I just encountered, on the article [[House (TV series)]], that citation #3 is actually just a link to [[Words and Deeds (House)]]. Can a article really cite another article or should that citation be removed? Seems a little squirrely to me.
Angela
Angela Anuszewski schreef:
I just encountered, on the article [[House (TV series)]], that citation #3 is actually just a link to [[Words and Deeds (House)]]. Can a article really cite another article or should that citation be removed? Seems a little squirrely to me.
It's less than ideal. But you shouldn't just remove sub-optimal citations; follow the link to the other article, see which source it cites for that fact, and replace the original citation.
Actually, in this case specifically, the article doesn't cite the WP article; it cites the original episode, which is ok. It adds a convenient link to our article on that episode, just like citation 1 (a page on the Fox website) also links to [[Fox]], and citation 5 (a page on the Acadamy of Television Arts & Sciences also links to our page on that organisation.
Eugene
On Tue, Oct 28, 2008 at 8:48 PM, Angela Anuszewski < angela.anuszewski@gmail.com> wrote:
I just encountered, on the article [[House (TV series)]], that citation #3 is actually just a link to [[Words and Deeds (House)]]. Can a article really cite another article or should that citation be removed? Seems a little squirrely to me.
Angela
Nope, Wikipedia should never be used as a citation.
On Oct 28, 2008, at 4:54 PM, Al Tally wrote:
On Tue, Oct 28, 2008 at 8:48 PM, Angela Anuszewski < angela.anuszewski@gmail.com> wrote:
I just encountered, on the article [[House (TV series)]], that citation #3 is actually just a link to [[Words and Deeds (House)]]. Can a article really cite another article or should that citation be removed? Seems a little squirrely to me.
Angela
Nope, Wikipedia should never be used as a citation.

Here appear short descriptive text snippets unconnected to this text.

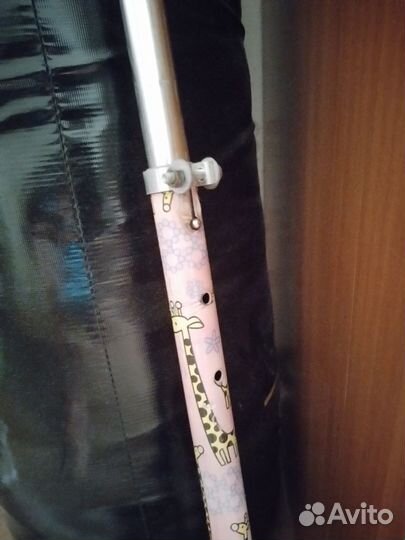 Самокат детский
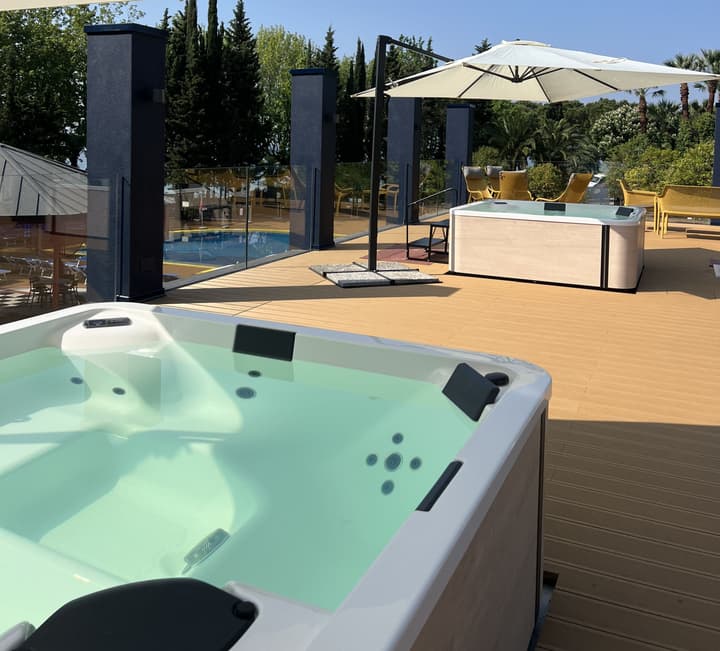 Parc Hotel Gritti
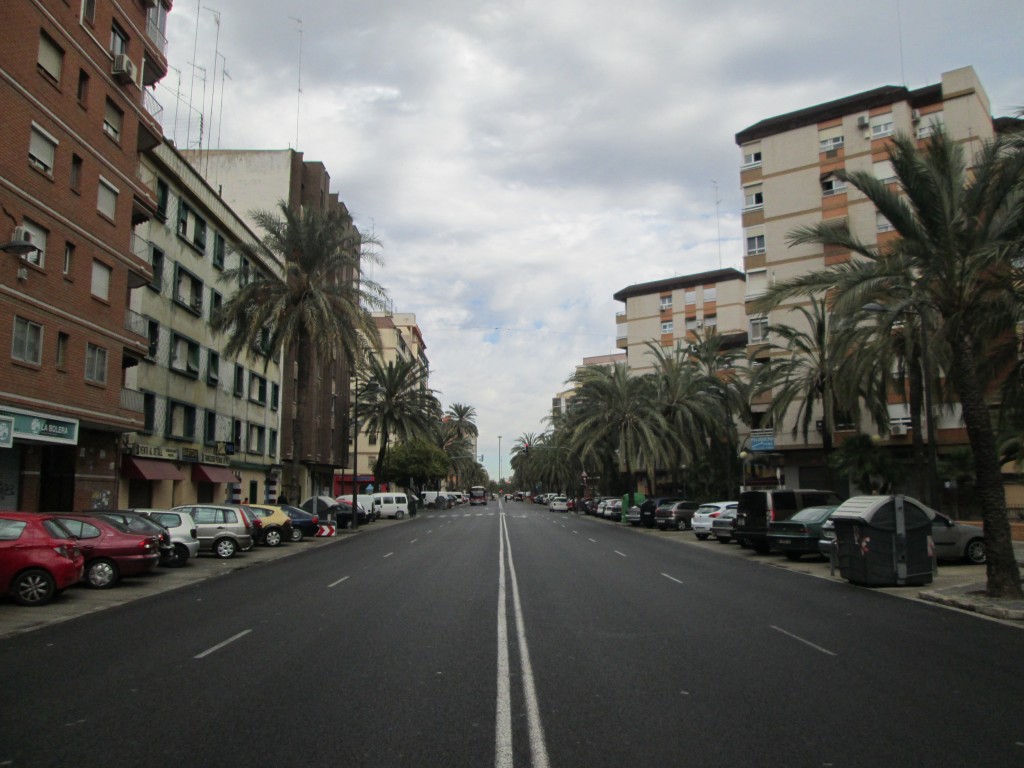 Foto de Valencia (València), España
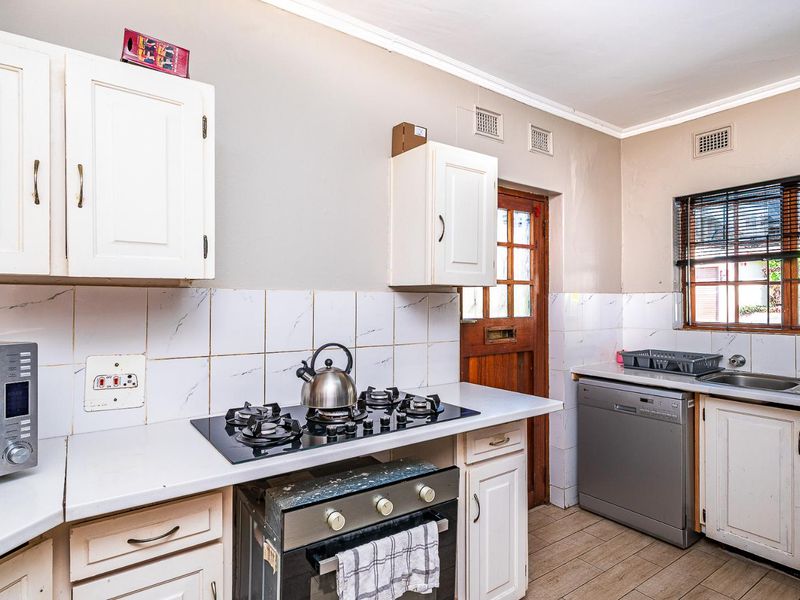 For Sale | New Germany  | 2 Bedroom 1.5 Bathroom Cosy Townhouse - Photo 8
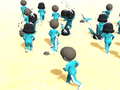 Cluiche Squid Games 3D
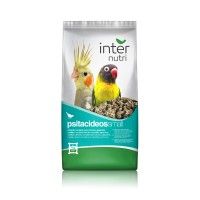 Mistura Caturras Internutri 1kg Mistura Caturras Internutri 1kg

I think this position is unhelpfully hardline - in the case of fiction articles at least, a citation to another article seems fine in some cases so long as that article is well-referenced. I'm thinking here of situations where an article on a TV series makes a glancing reference to a plot point that is dealt with at length in an episode specific article. We could use the primary source citation in the series article, but it's arguably more helpful to point first to our article on the episode, and then from there cite the episode itself. For information that is a distillation of multiple sources, when we have an article that takes a broader view, citing a statement to that article, so long as the article cites its sources well, does seem to me a potentially valid move - but we should understand that what we're really doing there is not citing our article, but rather saying "There's actually a lot of referencing going into this statement, and you should have a broad look at it."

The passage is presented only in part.